Study Guide

Foundation Time

By Isaac Asimov

Time

A [Seldon]. Obviously. This courtroom may explode in the next few hours, or it may be. It [sic] it did, the future would undoubtedly be changed in some minor respects. (I.6.44)

Boy, talk about stating the obvious. But even the obvious can be important when understanding time in Foundation. The point Seldon makes here is that not everything is accounted for in the future. Even with his predictions, only the major events have the most possible outcome. The future is still mostly unknown.

Q. (theatrically) Do you realize, Dr. Seldon, that you are speaking of an Empire that has stood for twelve thousand years, through all the vicissitudes of the generations, and which has behind it the good wishes and love of a quadrillion human beings?

A. I am aware both of the present status and the past history of the Empire. Without disrespect, I must claim a far better knowledge of it than any in this room. (I.6.72-73)

What's Seldon saying here? After all, it is his study of the past that has led to his predictions of the future. Does that mean we're all just part of an endless mathematical formula, where past plus present equals future? Is that an unsettling notion—or a comforting one?

"And after you die, sir?"

"Why, there will be successors—perhaps even yourself. And these successors will be able to apply the final touch in the scheme and instigate the revolt on Anacreon at the right time and in the right manner. Thereafter, events may roll unheeded." (I.8.36-37)

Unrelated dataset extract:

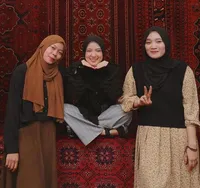 10 Potret Nissa Sabyan Buka Puasa Bersama Sahabat dan juga Ayus, Pose Imutnya Langsung Jadi Sorotan - Sempat Kepergok Pakai Baju Couple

As with any future, it's the future generations who will have to do the grunt work of any far-reaching plan. Plan all you want, but it's up to those kids with their Interwebs, Facebook LOLs, and kitteh memes to make the future what it will be.

"And don't forget this. Even though [Seldon] could foresee the problem then, we can see it equally well now. Therefore, if he could foresee the solution then, we should be able to see it now." (II.5.68)

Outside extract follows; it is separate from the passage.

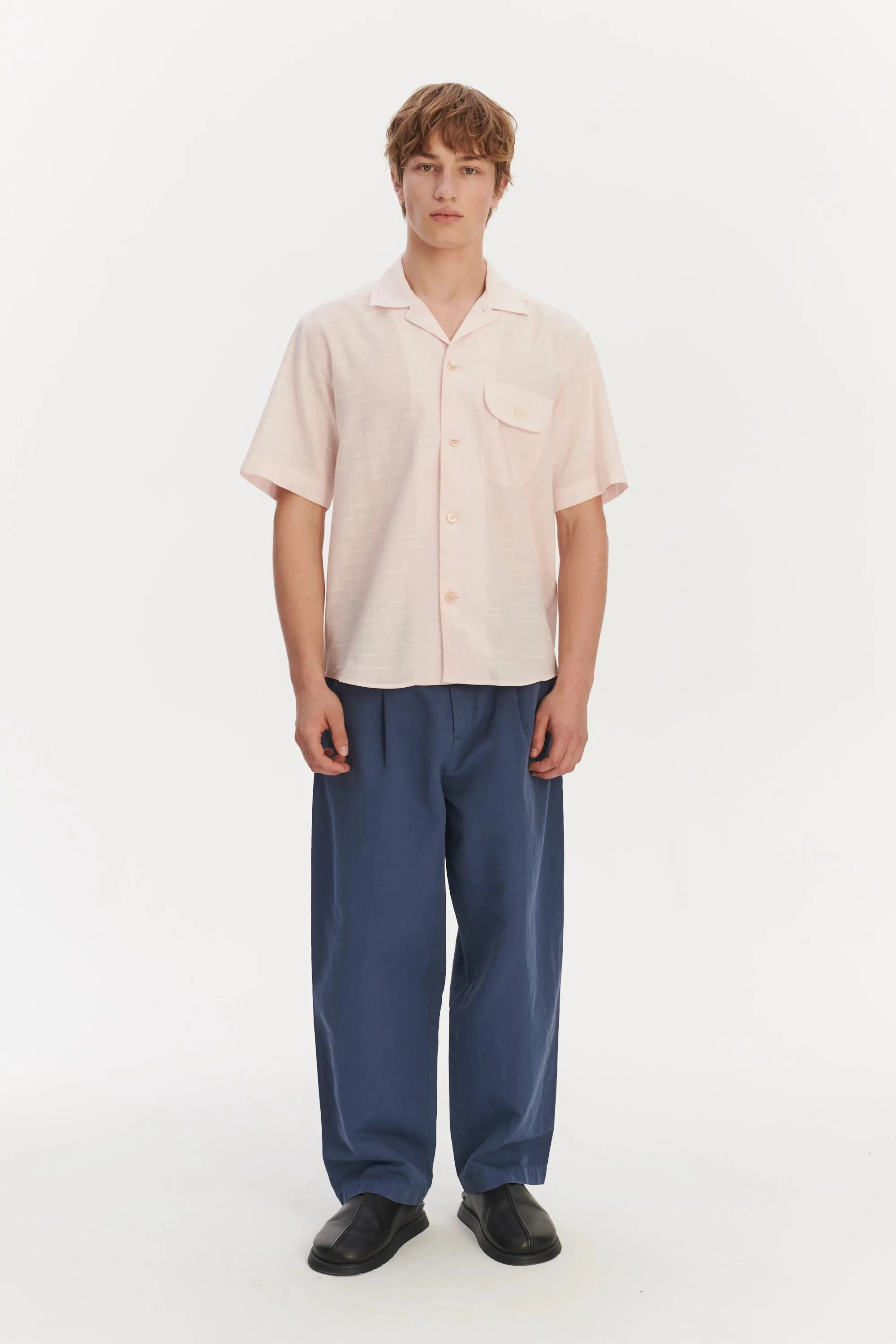 Short Sleeve Camp Collar Shirt in a Subtle Pink Mix of Portuguese Cotton, Linen and Pineapple sold by Delikatessen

As we said in the "Fate and Free Will" section, Seldon's plan isn't a crystal ball scenario. It's about paying attention to the past and present and gathering what data you can to plan the best future. Anyone can do it, so long as you keep your eyes open and no. 2 pencils sharpened.

And for the third time: "Don't you see? It's Galaxy-wide. It's a worship of the past. It's a deterioration—a stagnation!" (II.5.76)

History is great. (We're big fans here at Shmoop.) But, worshipping the past as the best and only source of knowledge and truth, well that's just stupid. Such thoughts lead to stagnation, which in turn leads to death. And death does not bode well for any future.

"For the first time in over seventy years, we are facing a major domestic political crisis. I should think the synchronization of the two crises, inner and outer, puts it beyond all doubt." (V.2.12)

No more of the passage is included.